May 2009

Volume 24 Number 05

Foundations - Versioning Workflows

By Matthew Milner | May 2009

Code download available

Contents

The Issues
.NET Versioning
Versioning With XOML Workflow Definitions
Activity Versioning
Versioning Workflow Services
Dynamic Update

In any application, there is one thing you can be certain of: change happens. One of the most common issues I find developers struggling with is how to deal with versioning workflows and their related classes. In this month's column, I will discuss the core issues related to workflow versioning and provide my recommendations for making changes to workflow definitions, activities, and workflow services.

fig01.gif

Figure 1 Simple Workflow That May Persist

If you build a .NET application today—say, a Windows Presentation Foundation (WPF) or ASP.NET application—you might think about versioning, or you might not. When you want to deploy updates to an ASP.NET application, you typically have a process in place to simply copy over all or some of the components including pages, binaries, and configuration. In some scenarios, you may have concerns about this deployment, such as making sure no requests are currently executing, but this process is generally manageable. So why is deploying new versions of workflow applications so hard?

Workflows let you model long-running business process or business logic. In addition, Windows Workflow Foundation (WF) provides persistence services that allow for the state of individual instances of a business process to be saved to a durable store, such as a Microsoft SQL Server database. That saved state is made up of serialized .NET objects; and therein lies the problem.

Consider a workflow that uses some .NET types as data—say, an Order class. The workflow is started with an Order object passed in as a parameter, then persisted to the database, its state containing the serialized Order object. Now change the Order object class and rebuild your application library. When that persisted workflow needs to resume because a delay has expired or some event is raised to the workflow, the Order object needs to be deserialized. Unfortunately, because that type has changed, the deserialization fails, throwing an exception.

Some changes cause problems with deserialization because the standard .NET binary serialization fails and other problems occur because of the WF implementation of serialization. Regardless of the cause, the end result is the same: an exception when you try to load a workflow that references types that have changed. These types might be classes or interfaces you create or they might be custom activities you have written.

To provide a concrete example, consider the workflow in Figure 1. It simply writes some data to the console using a custom WriteLine activity, delays (which also allows it to persist), and then writes more data to the console.
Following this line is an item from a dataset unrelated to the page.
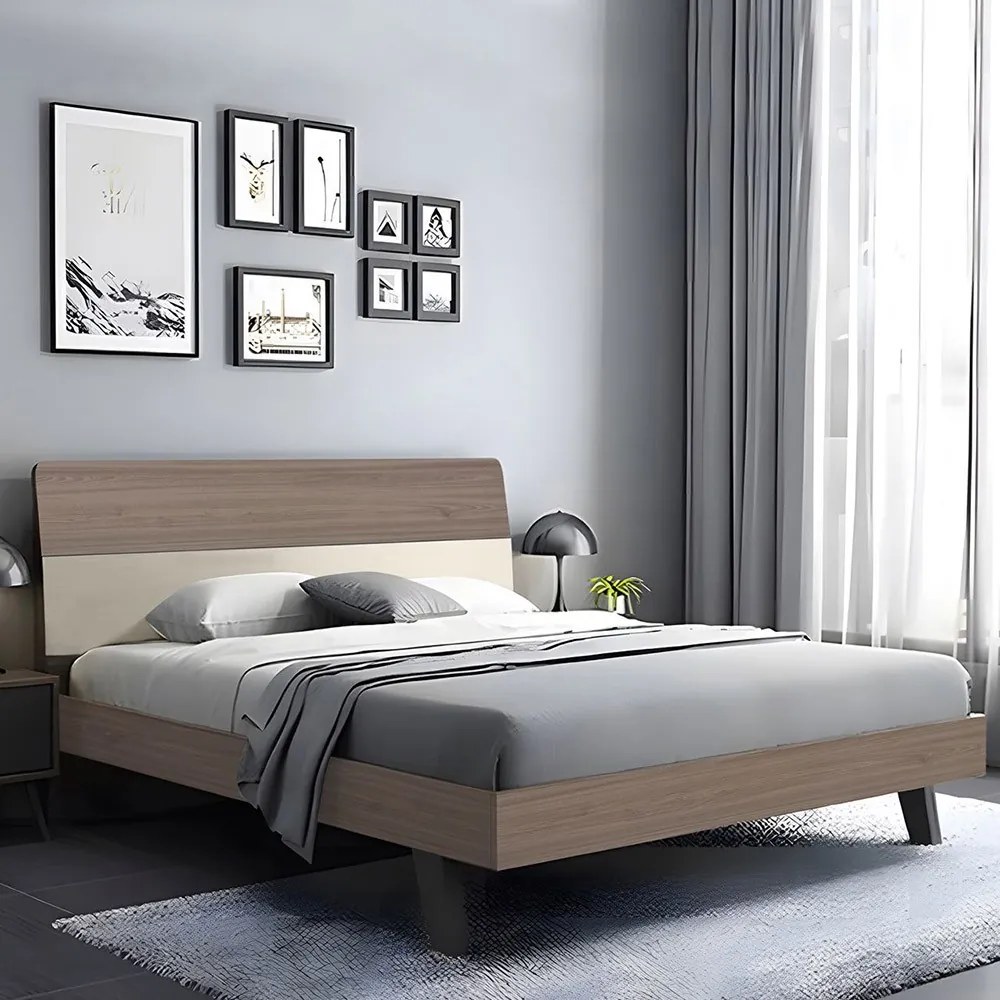 Κρεβάτι Διπλό Vanity (Για Στρώμα 160x200cm) Ε7350,2 161x201x98cm Walnut-Ecru Διπλό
Now, if I start an instance of this workflow and let it run to the idle point—the delay—it will persist in the database. I can shut down the runtime and begin work on my version 1.1 of the workflow. I'll simply add an activity to the end of the workflow definition to write more data to the console, as shown in Figure 2.

Starting up the runtime without starting another workflow instance will cause the persistence service to poll the database looking for expired timers. When it finds the existing instance, the persistence service will attempt to load the object and will get an exception. I can detect this error by registering an event handler for the ServicesExceptionNotHandled event on WorkflowRuntime. What I'll see is that the persistence service will raise an event for the exception with the message "Index was outside the bounds of the array."

fig02.gif

Figure 2 Modified Workflow Definition

The problem here is that I've changed the definition of my workflow type and it no longer matches the definition that existed when the workflow was persisted. When the persistence service tries to deserialize the workflow, I get exceptions because the new type definition contains fields that did not exist when the instance was serialized. The deserialization code is reading the fields on the new type and attempting to load those values from the serialized data. Because some fields did not exist when the instance was serialized, an exception is raised when attempting to access that data.

.NET Versioning

One way to work around the versioning issues is to take advantage of the versioning system built into the .NET Framework. Since version 1.0 of the .NET Framework, versioning of assemblies has been supported and was the only way to enable side-by-side support for multiple versions of assemblies. In short, each assembly can have a version number attached to it and when assemblies are signed with a key, multiple versions of the assembly can be deployed to the Global Assembly Cache (GAC). For more on assembly versions and strong naming assemblies, see the MSDN documentation on assemblies.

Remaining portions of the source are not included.